Aussi l'avocat placé sur écoute doit-il, plus encore que n'importe quel citoyen, bénéficier d'un "contrôle efficace" tel que voulu par la prééminence du droit, apte à limiter l'ingérence à ce qui est "nécessaire dans une société démocratique". La Cour juge en ce sens que "si le droit interne peut prévoir la possibilité de perquisitions ou de visites domiciliaires dans le cabinet d'un avocat, celles -ci doivent impérativement être assorties de garanties spéciales de procédure" (CEDH, 21 janvier 2010, Req. 43757/05, § 37 N° Lexbase : A4497EQM). La Cour européenne a "eu l'occasion de mettre en exergue la garantie que constitue l'intervention du bâtonnier lorsque la préservation du secret professionnel des avocats est en jeu" (CEDH, Michaud c. France, préc., § 130), lorsque sont mises en oeuvre des perquisitions dans des lieux occupés par des avocats (CEDH, 16 octobre 2007, Req. 74336/01, § 63 N° Lexbase : A7516DYZ ; CEDH, 21 janvier 2010, Req. 43757/05, préc., § 43).

Dans l'affaire "Xavier Da Silveira", alors que le Gouvernement arguait de ce que le requérant ne justifiait ni de son inscription auprès d'un barreau français ni d'une quelconque activité en France, la Cour insiste sur le fait que "dès le début de la perquisition, le requérant a été requis comme témoin et sa qualité d'avocat était connue, ce qui ressort expressément du procès-verbal rédigé par l'officier de police judiciaire pendant la perquisition. Il ressort également de ce procès-verbal qu'une fois dans l'appartement du requérant, ce dernier a expressément décliné sa qualité d'avocat au barreau de Porto" (CEDH, 21 janvier 2010, Req. 43757/05, préc., § 40).

Il ressort ainsi de la jurisprudence de la Cour européenne que même lorsqu'il existe un doute quant à la qualité d'avocat de la personne lors de la prescription de la mesure, le fait de la constater au début de son exécution commande de prendre des garanties particulières.

En ce sens, la Cour affirme dans cette affaire qu'"à supposer même que les juges aient pu avoir un doute sur sa qualité d'avocat, l'ensemble des circonstances de la cause devait, à tout le moins, les conduire à une certaine prudence et les inciter à contrôler sans délai ses allégations, et ce avant de procéder à la perquisition et aux saisies dans son domicile" (CEDH, 21 janvier 2010, Req. 43757/05, préc., § 42).

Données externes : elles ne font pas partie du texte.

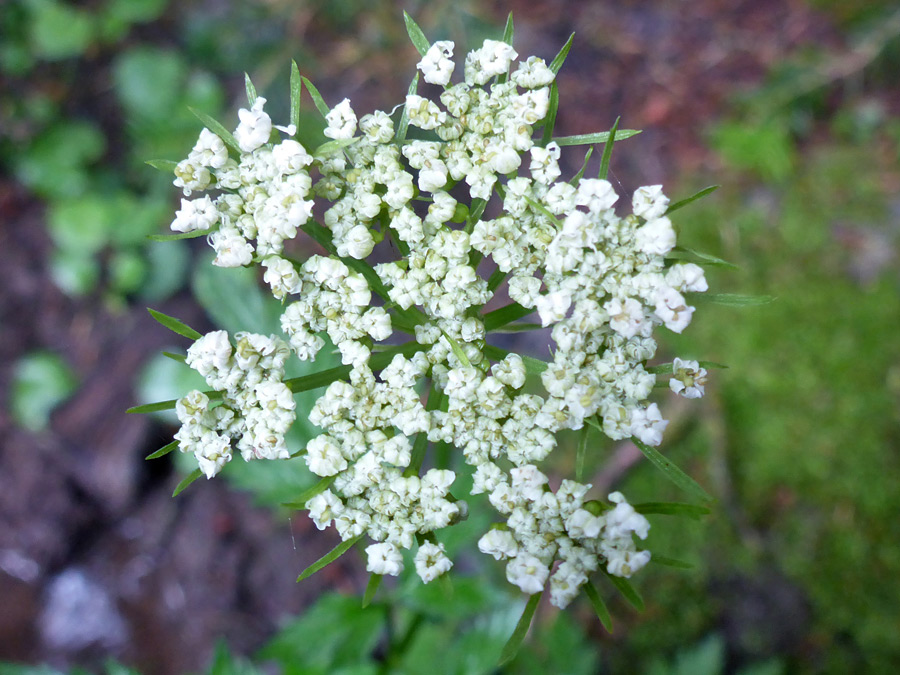 Flat-topped cluster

Il convient encore de noter qu'elle tient compte du fait que la mesure litigieuse "concernait des faits totalement étrangers [à l'avocat], ce dernier n'ayant à aucun moment été accusé ou soupçonné d'avoir commis une infraction ou participé à une fraude quelconque en lien avec l'instruction" (CEDH, 21 janvier 2010, Req. 43757/05, § 43).

Or, tel était bien le cas en l'espèce. La solution rendue s'inscrit dans le droit fil de ces précédents.

En particulier, le requérant soulignait que le droit roumain ne réglementait pas expressément la situation de mise sur écoute des personnes qui ne faisaient pas l 'objet d'une enquête judiciaire, ni celle de mise sur écoute décidée après la date de commission de l'infraction ou alors que les prévenus et les faits étaient connus des autorités par d'autres moyens de preuve. A cet égard, la Cour européenne a noté qu'il n'avait pas fait lui-même l'objet d'une autorisation de mise sur écoute en raison de sa qualité d'avocat ou de sa relation avec sa soeur. Toutefois, elle a souligné que, lorsque les conversations d'une personne sont enregistrées et lorsqu'elles sont utilisées dans le cadre d'une affaire pénale, l'intéressé doit bénéficier d'un "contrôle efficace" pour pouvoir contester les écoutes téléphoniques en cause (§ 49).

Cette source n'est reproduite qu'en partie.